**TASK INSTRUCTIONS**. Before you return the entries below, strip out the pictures and keep all else exact.

(Data items)
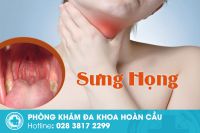 Cách giảm sưng họng hay bạn không nên bỏ qua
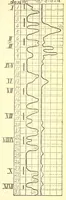 An illustration from The American journal of the medical sciences (1827)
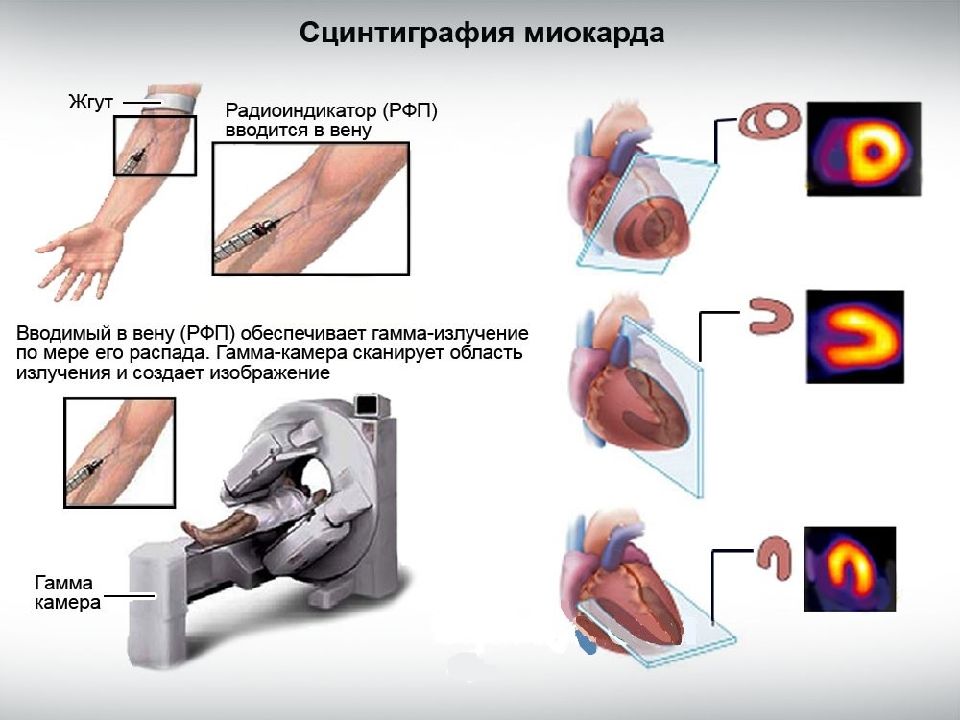 Презентация сцинтиграфия миокарда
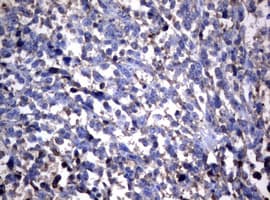 NME1 / NM23 Antibody (clone OTI25D8)
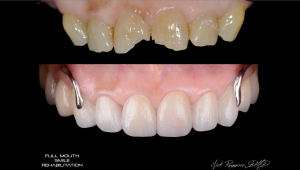  Full Mouth Smile Rehabilitation - Front teeth broken in before image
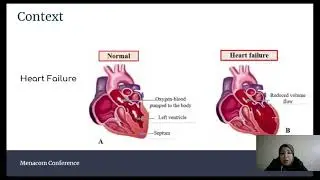 Detecting Heart Failure from Chest X-RAY Images Using Deep Learning Algorithms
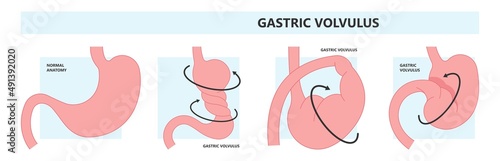 ileus bowel toxic small midgut cecal colon tract Hirschsprung's gastric Ladd band large hiatal hernia cancer tumor swollen crohn's x-ray meckel's twist blocked birth defect infant children pain short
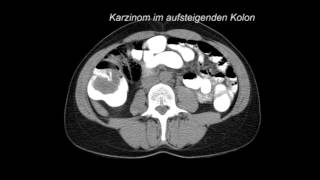 Dr Osterwalder CT Befunde bei Dickdarmkrebs 2014 [upl. by Cilla]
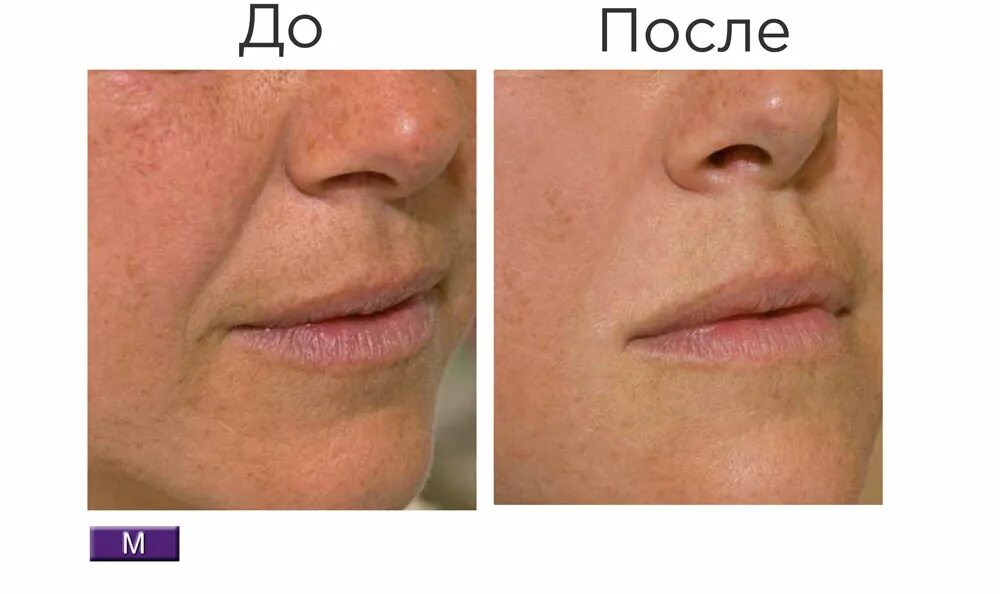 Ботокс половых. Ботокс половых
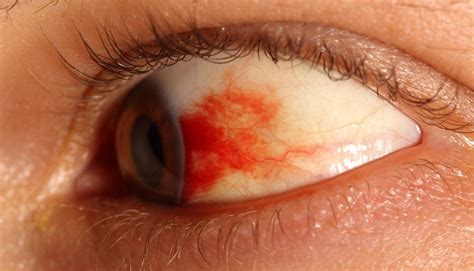 Blood Clot In Eye Due To Diabetes Diabeteswalls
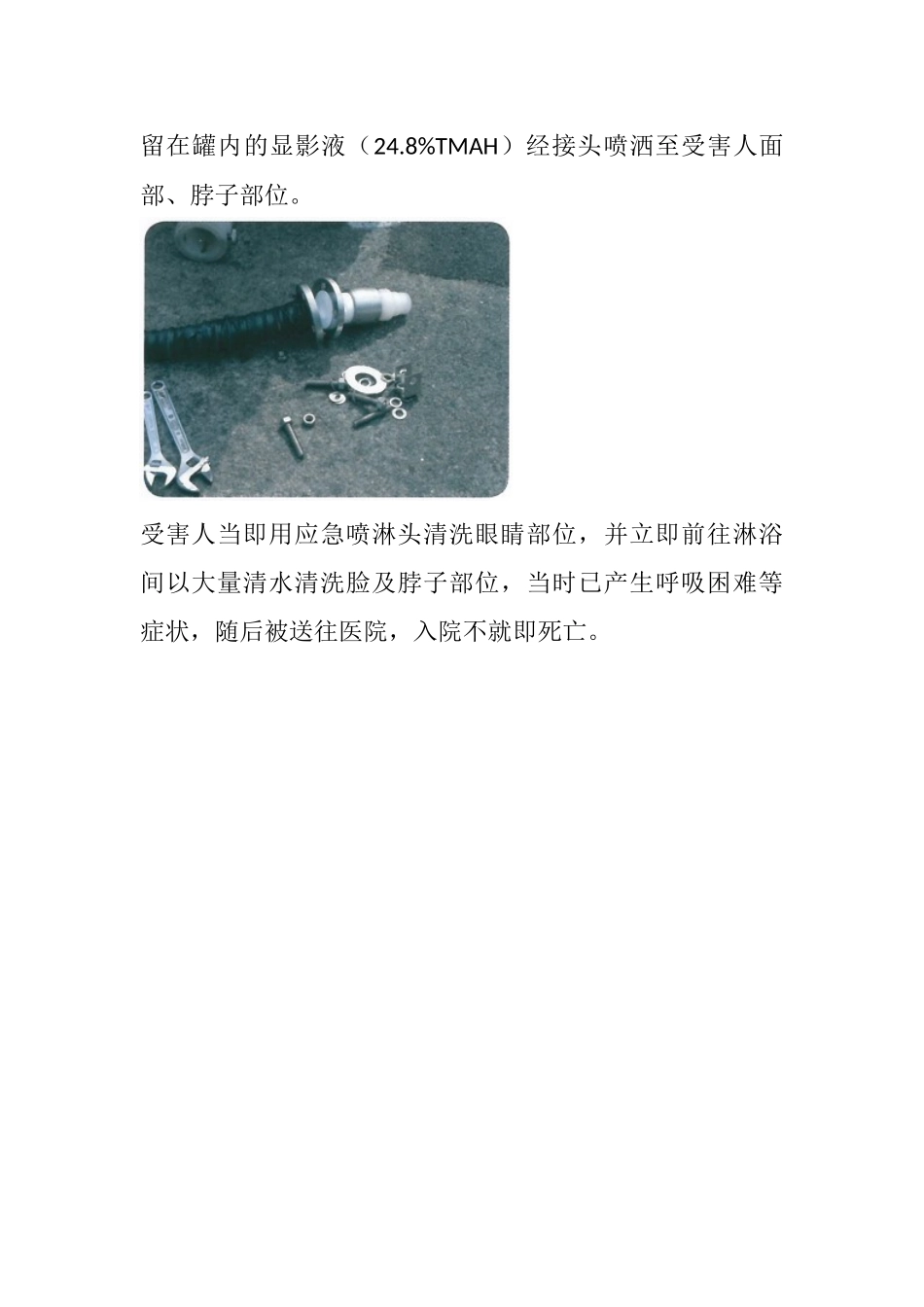 因TMAH引发的职业病案例_第2页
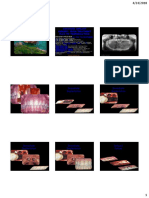 3 3D Radiographic Input in Planning For Advanced Implant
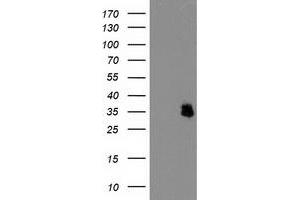 Western Blotting (WB) image for anti-Interferon-Induced Protein 35 (IFI35) antibody (ABIN1498802) (IFI35 抗体)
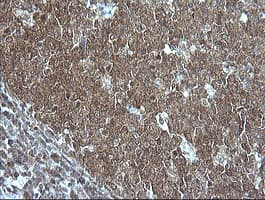 MAP2K1 / MKK1 / MEK1 Antibody (clone OTI3H3)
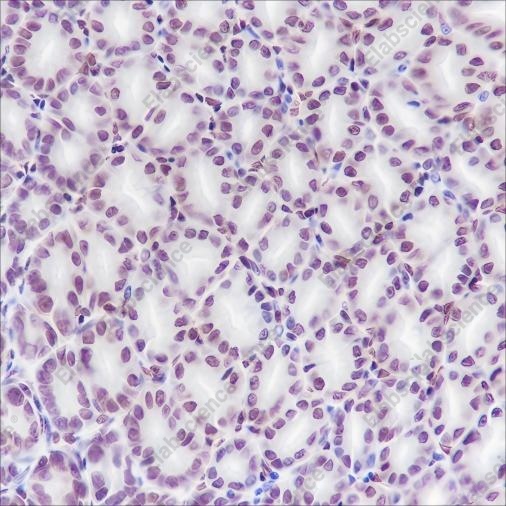 Recombinant HMGB1 Monoclonal Antibody - 3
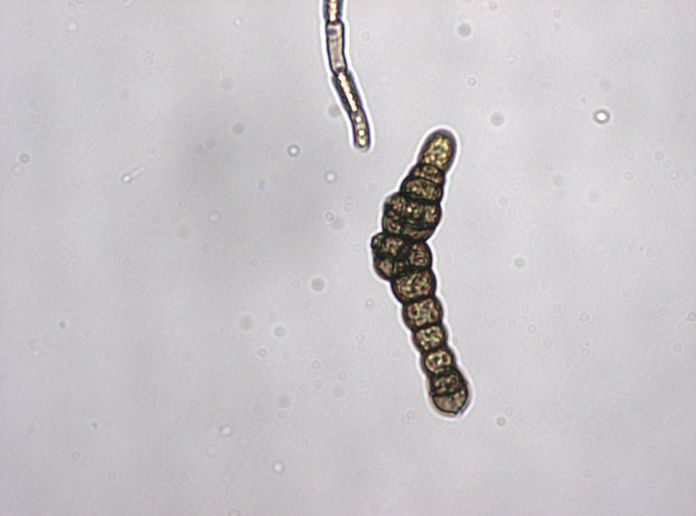 Alternaria laucanthemii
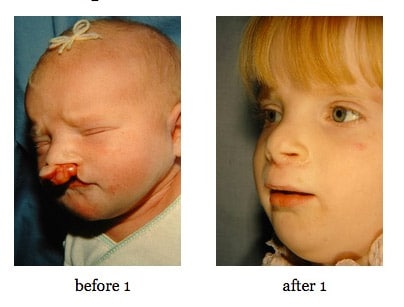 cleft-lip-repair5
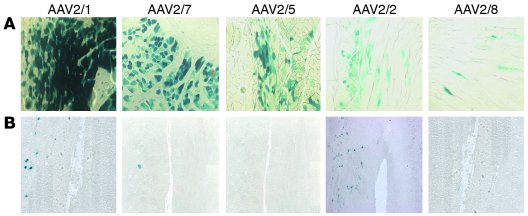 Retrograde transduction of spinal motor neurons by AAV vectors.
Expressi...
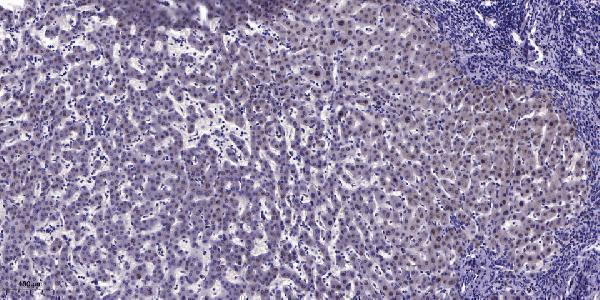 Immunohistochemical analysis of paraffin-embedded human liver cancer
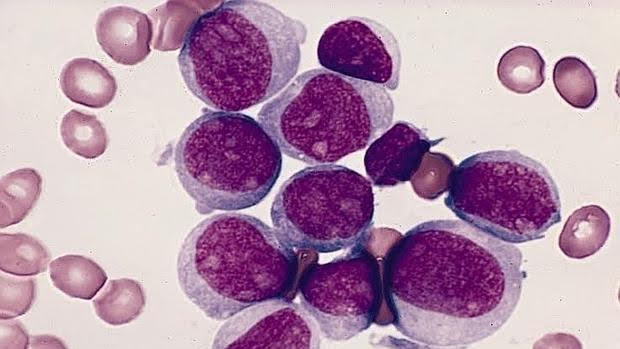 Leucemia buena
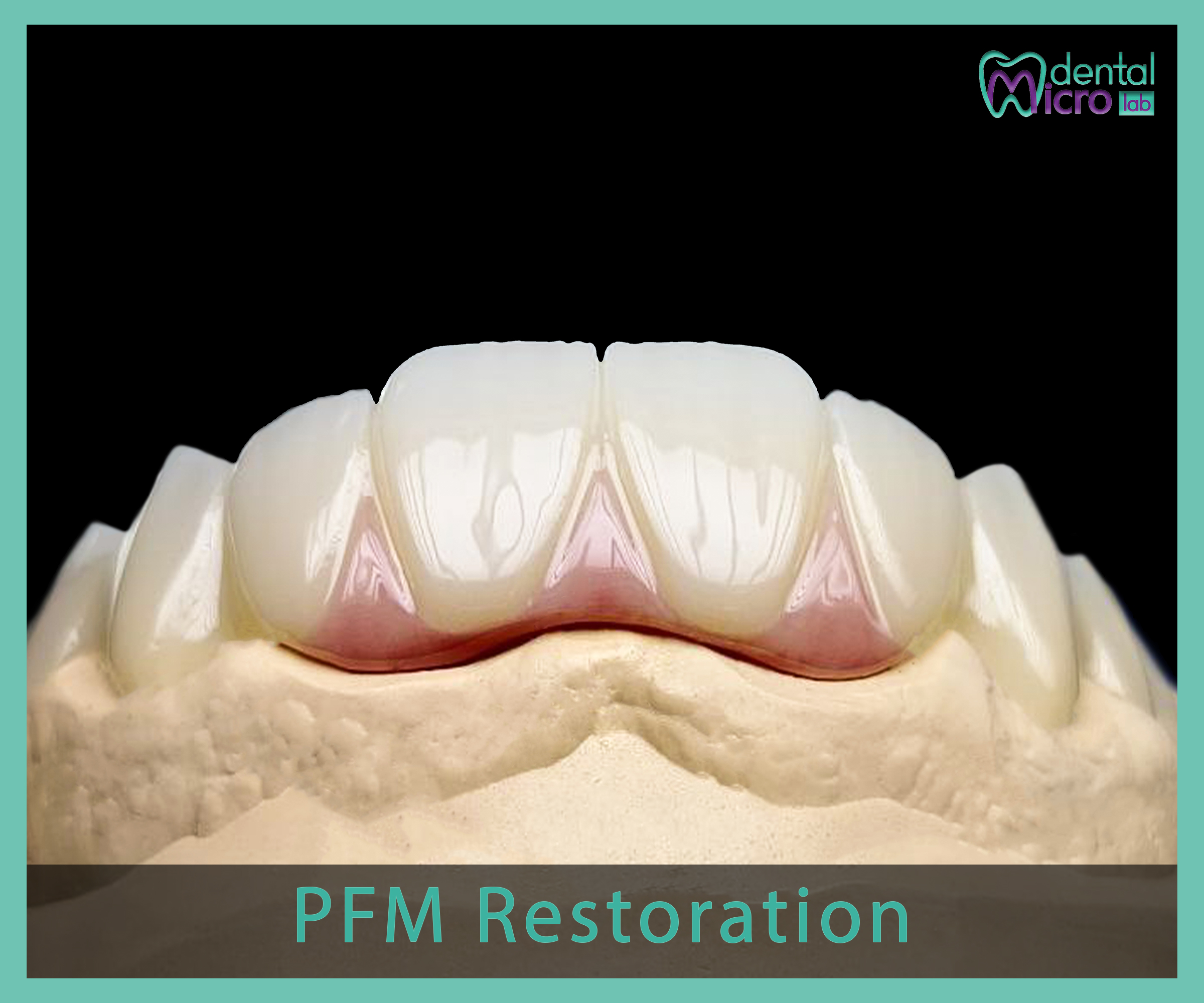 PFM- Jeddah - dental lab - افضل معمل في جدة تركيبات الاسنان للاطباء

**PROBLEM SOLUTION**.
 Cách giảm sưng họng hay bạn không nên bỏ qua
 An illustration from The American journal of the medical sciences (1827)
 Презентация сцинтиграфия миокарда
 NME1 / NM23 Antibody (clone OTI25D8)
  Full Mouth Smile Rehabilitation - Front teeth broken in before image
 Detecting Heart Failure from Chest X-RAY Images Using Deep Learning Algorithms
 ileus bowel toxic small midgut cecal colon tract Hirschsprung's gastric Ladd band large hiatal hernia cancer tumor swollen crohn's x-ray meckel's twist blocked birth defect infant children pain short
 Dr Osterwalder CT Befunde bei Dickdarmkrebs 2014 [upl. by Cilla]
 Ботокс половых. Ботокс половых
 Blood Clot In Eye Due To Diabetes Diabeteswalls
 因TMAH引发的职业病案例_第2页
 3 3D Radiographic Input in Planning For Advanced Implant
 Western Blotting (WB) image for anti-Interferon-Induced Protein 35 (IFI35) antibody (ABIN1498802) (IFI35 抗体)
 MAP2K1 / MKK1 / MEK1 Antibody (clone OTI3H3)
 Recombinant HMGB1 Monoclonal Antibody - 3
 Alternaria laucanthemii
 cleft-lip-repair5
 Retrograde transduction of spinal motor neurons by AAV vectors.
Expressi...
 Immunohistochemical analysis of paraffin-embedded human liver cancer
 Leucemia buena
 PFM- Jeddah - dental lab - افضل معمل في جدة تركيبات الاسنان للاطباء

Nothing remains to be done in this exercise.